For now, if you don’t have enough cash reserves yet, save money so you can pay your invoice. Best of all, avoid credit card debt turnover. Equal temperament has risen to 17.25% and has already been punished.

Take advantage of the rate of increase for your savings. For example, interest rates on money market funds are about a month behind the rise in Fed rates. It is now well above 1%, and in the next month or so, standard money market funds should have interest rates above 2%. Certificates of deposit, short-term government bonds, and I bonds are good options.

Then invest in the long run. Despite poor performance in equities and fixed income this year, the outlook has improved significantly.

David Rosenberg, Chief Economist of his company Rosenberg Research, Warns that a recession is coming since winter. So he is bullish on government bonds. “If there is a recession, you will want to keep them,” he said.

I am not obsessed with the problem of recession. I don’t know where things are going, so I always hold a combination of stocks and bonds and do that with cheap index funds. Will the stock bear market end? Yes, if there is no recession.

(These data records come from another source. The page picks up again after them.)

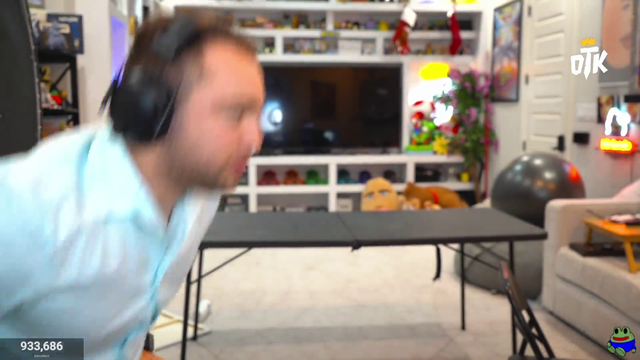 After losing over 16 viewers, Mizkif resorts to Worming Out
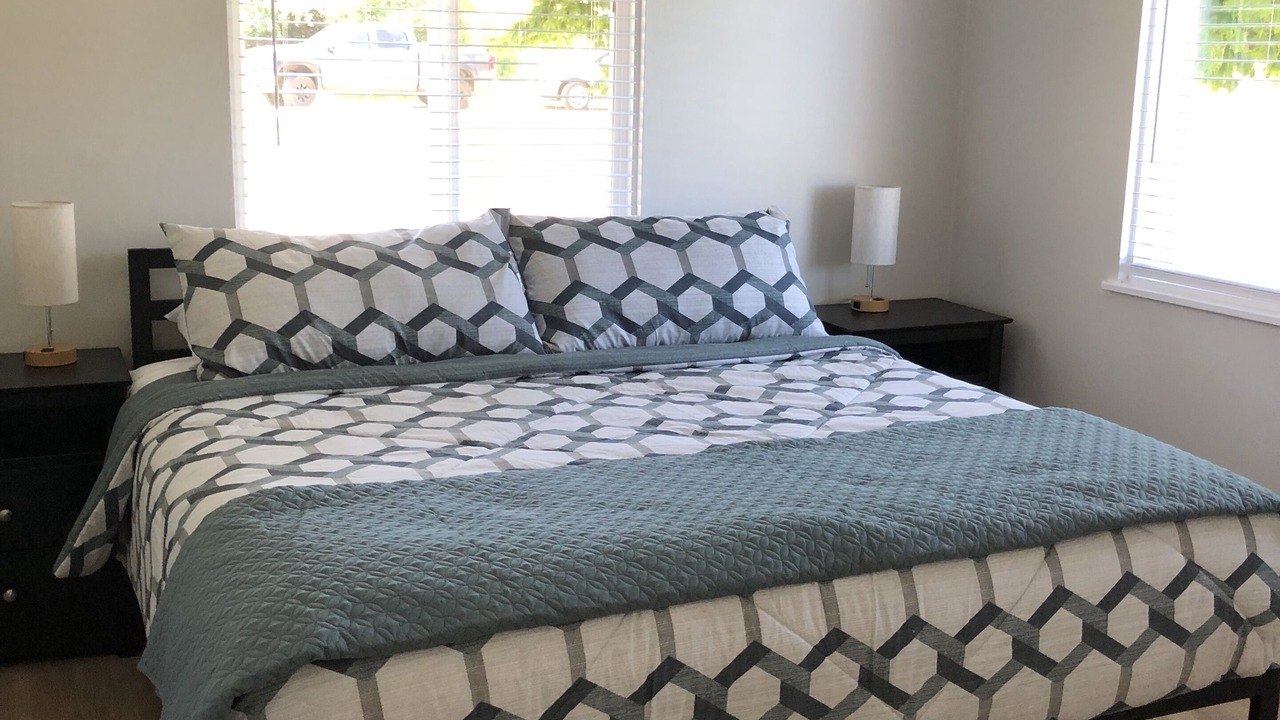 Photo of Bedroom in Acme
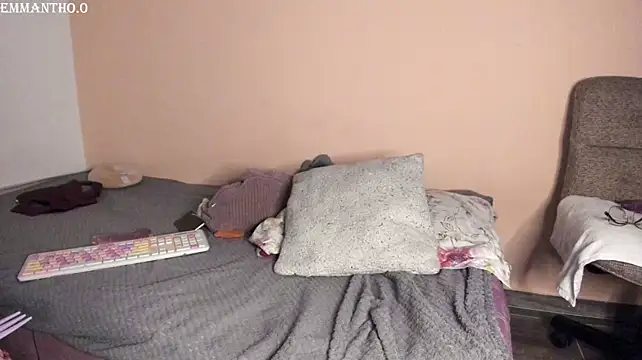Emmantho live cam on StripChat
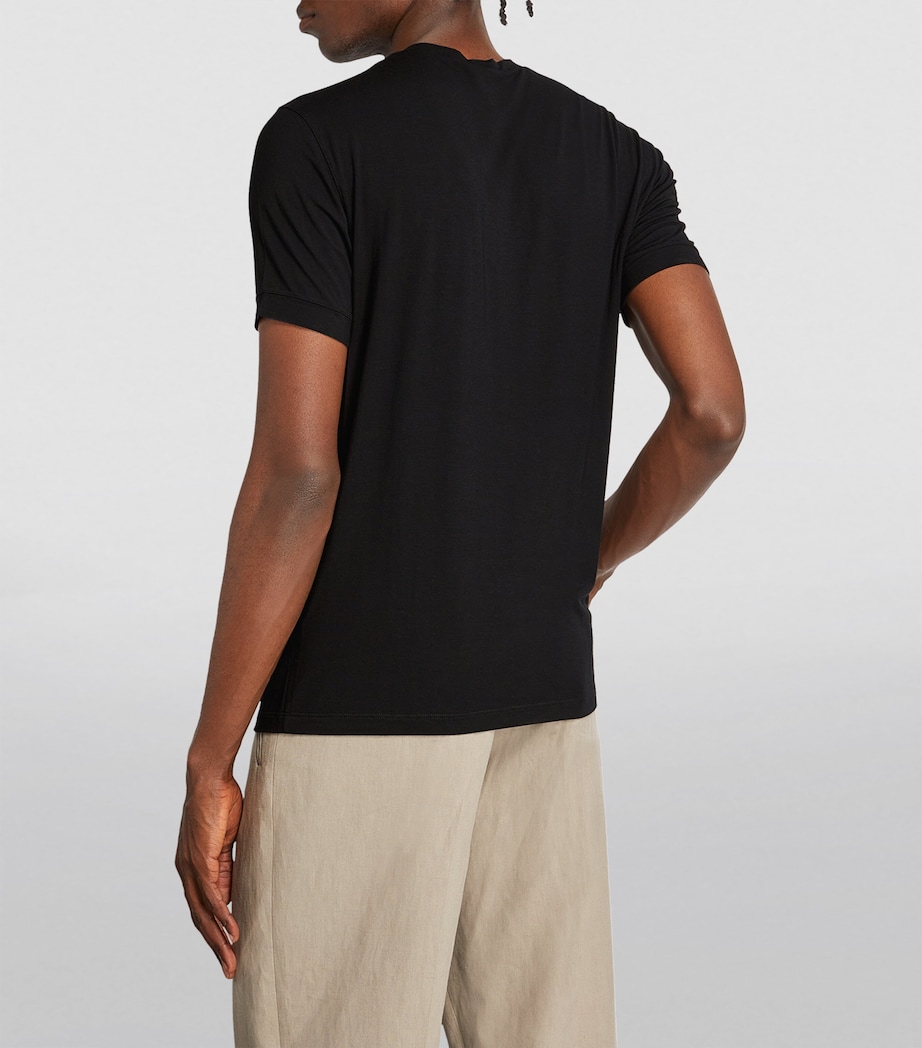 Crew-Neck T-Shirt UC99 Image 4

But if there is something deep, the stock can be even more throbbing. Nevertheless, for people with a long-term view of more than a decade, steadily buying stock through a wide range of index funds can be a good bet.

According to Vanguard, the market hit this year is on track. “The very low prices have improved long-term expected returns on both equities and fixed income,” said Andrew Patterson, senior international economist at Vanguard.

Rely on the unpredictable market. Learn to live with them by putting together a long-term plan for savings and investment. I will come back with more suggestions on how to do it.

Once you’ve put your plan into action, try to forget it for a while. If you’re lucky, you’ll know you’re protecting yourself when the next uneasy news arrives.